The remaining encodings returned similar performances.

### Logistic Regression Performance

In [33]:
def run_logistic(X_train, X_test, y_train, y_test):

    # function to train and test the performance of logistic regression
    logit = LogisticRegression(random_state=44, C=0.01, max_iter=100)
    logit.fit(X_train, y_train)

    print("Train set")
    pred = logit.predict_proba(X_train)
    print("Logistic Regression roc-auc: {}".format(roc_auc_score(y_train, pred[:, 1])))

    print("Test set")
    pred = logit.predict_proba(X_test)
    print("Logistic Regression roc-auc: {}".format(roc_auc_score(y_test, pred[:, 1])))

In [34]:
# OHE
run_logistic(X_train_OHE, X_test_OHE, y_train, y_test)

Train set
Logistic Regression roc-auc: 0.8287932450467097
Test set
Logistic Regression roc-auc: 0.8013902412636589


In [35]:
# counts
run_logistic(X_train_count, X_test_count, y_train, y_test)

Train set
Logistic Regression roc-auc: 0.7899009341956678
Test set
Logistic Regression roc-auc: 0.7391810018392297


STOP: TOTAL NO. of ITERATIONS REACHED LIMIT.

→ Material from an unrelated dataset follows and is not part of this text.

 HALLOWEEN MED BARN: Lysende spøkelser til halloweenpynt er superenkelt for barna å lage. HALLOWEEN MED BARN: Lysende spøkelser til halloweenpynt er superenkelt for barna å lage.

Increase the number of iterations (max_iter) or scale the data as shown in:
    https://scikit-learn.org/stable/modules/preprocessing.html
Please also refer to the documentation for alternative solver options:
    https://scikit-learn.org/stable/modules/linear_model.html#logistic-regression
  n_iter_i = _check_optimize_result(


In [36]:
# ordered labels
run_logistic(X_train_ordered, X_test_ordered, y_train, y_test)

Train set
Logistic Regression roc-auc: 0.8223924648393389
Test set
Logistic Regression roc-auc: 0.8006870063832089


In [37]:
# mean encoding
run_logistic(X_train_mean, X_test_mean, y_train, y_test)

Train set
Logistic Regression roc-auc: 0.7791217534134072
Test set
Logistic Regression roc-auc: 0.7481878178080709


In [38]:
# woe encoding
run_logistic(X_train_woe, X_test_woe, y_train, y_test)

Train set
Logistic Regression roc-auc: 0.850844369161277
Test set
Logistic Regression roc-auc: 0.8202964405496052


For Logistic regression, the best performances was obtained with weight of evidence, followed by one hot encoding.